III — A correta delimitação geográfica de atuação dos agentes econômicos a partir de critérios concretos de pátria, não de indivíduo ou classe. Há que se ressaltar a legítima pluralidade, em conformidade com os dois pontos anteriores, quanto ao raio de atuação dos agentes produtores, em dinâmica que comporta tanto os limites municipais e regionais quanto, ainda, nacionais e supranacionais.

IV — Estabelecidos os contornos das respectivas economias nacionais — sendo a economia mundial, pois, um amplo comércio de diversos e variados todos que são as nações —, há que se determinar, entretanto, sob que princípio deve reger-se esse comércio; o princípio deve ser forçosamente o da justiça, que não exclui o princípio da utilidade que deve permear qualquer relação comercial.

De nada valeriam, porém, os quatros pontos fundamentais elencados pelo Pe.
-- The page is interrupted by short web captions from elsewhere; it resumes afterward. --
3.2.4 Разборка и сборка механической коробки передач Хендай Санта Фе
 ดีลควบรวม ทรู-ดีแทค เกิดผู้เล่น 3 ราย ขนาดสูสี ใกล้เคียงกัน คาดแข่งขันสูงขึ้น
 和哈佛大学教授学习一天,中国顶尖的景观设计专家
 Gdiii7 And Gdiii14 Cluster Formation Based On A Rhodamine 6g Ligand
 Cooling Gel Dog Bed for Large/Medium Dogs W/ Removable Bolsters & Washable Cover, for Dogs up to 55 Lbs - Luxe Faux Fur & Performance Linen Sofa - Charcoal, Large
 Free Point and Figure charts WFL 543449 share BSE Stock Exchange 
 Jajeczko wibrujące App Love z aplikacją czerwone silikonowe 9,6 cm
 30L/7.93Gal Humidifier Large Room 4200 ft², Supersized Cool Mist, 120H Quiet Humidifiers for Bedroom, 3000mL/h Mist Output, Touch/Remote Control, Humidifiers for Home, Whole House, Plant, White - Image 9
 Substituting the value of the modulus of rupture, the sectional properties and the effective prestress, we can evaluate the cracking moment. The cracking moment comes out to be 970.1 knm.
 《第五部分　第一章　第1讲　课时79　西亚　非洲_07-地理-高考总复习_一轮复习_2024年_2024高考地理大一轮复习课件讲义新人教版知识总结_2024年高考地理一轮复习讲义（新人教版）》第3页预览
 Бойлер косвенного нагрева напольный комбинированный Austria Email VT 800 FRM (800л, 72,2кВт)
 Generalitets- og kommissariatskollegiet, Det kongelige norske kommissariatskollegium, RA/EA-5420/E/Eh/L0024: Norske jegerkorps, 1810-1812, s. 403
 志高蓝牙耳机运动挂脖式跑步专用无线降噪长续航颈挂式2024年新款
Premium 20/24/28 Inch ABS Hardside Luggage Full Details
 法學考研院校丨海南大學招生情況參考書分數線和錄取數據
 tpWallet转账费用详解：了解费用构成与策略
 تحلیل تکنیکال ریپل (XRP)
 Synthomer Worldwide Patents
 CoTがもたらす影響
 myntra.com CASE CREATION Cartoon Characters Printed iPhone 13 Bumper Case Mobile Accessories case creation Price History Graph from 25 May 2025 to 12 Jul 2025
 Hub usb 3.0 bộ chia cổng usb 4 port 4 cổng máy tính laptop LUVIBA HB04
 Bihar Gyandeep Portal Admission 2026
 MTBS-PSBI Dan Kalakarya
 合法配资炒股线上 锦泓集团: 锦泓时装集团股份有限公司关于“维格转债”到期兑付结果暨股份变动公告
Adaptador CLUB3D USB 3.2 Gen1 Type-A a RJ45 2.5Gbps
Julio Meinvielle sem uma exata compreensão do funcionamento interno de uma empresa — e eis que o mestre argentino faz as distinções necessárias relativamente ao conceito de “empresa comunitária”, defendido ainda hoje pela ingenuidade suspeita de esquerdistas e utopistas em geral como o modelo por excelência a ser adotado.

Os paladinos da “empresa comunitária” advogam que uma empresa deve organizar-se nos moldes de uma “comunidade”, em que empresários e trabalhadores estejam unidos por simples contrato de sociedade, e não ajustados entre si pela relação de justiça comutativa que surge do contrato de regime de salariado entre o proprietário — dono do capital e senhor do risco — e os trabalhadores. Assim, capital e mão de obra contribuiriam, cada um a seu modo, para o bom funcionamento da empresa, recebendo proporcionalmente o que lhes cabe. Para escândalo dos liberais, nada há a censurar, de per si, nesse modelo — senão o triunfalismo dos ideólogos que o defendem como se fora o único legítimo. Para desespero dos estatistas, no entanto, a chamada “empresa comunitária”, nem de longe, é paradigma de eficácia econômica. O mesmo pode ser dito acerca do geral das empresas controladas pelo Estado, sempre mais tendentes à ineficiência, à insolvência e à corrupção, o que não quer dizer, todavia, que certas empresas, pela sua importância estratégica, não possam, e não devam, se encontrar em mãos da autoridade pública. Cabe ao juízo prudencial dos estadistas decidir pela sua eventual conveniência. O problema é que não temos mais estadistas. Mas o livro do Pe. Meinvielle já circula entre nós.

Nem individualista nem coletivista, senão humana e realista — alheia, portanto, ao capricho das opiniões de gabinete ou de feira livre —, assim é a doutrina de tradicionalismo patriótico e hispânico do Pe. Julio Meinvielle. Que o movimento de restauração intelectual e espiritual por que passa o Brasil — ainda tão tímido em certos aspectos — possa se ancorar de vez nas grandes verdades temporais e espirituais.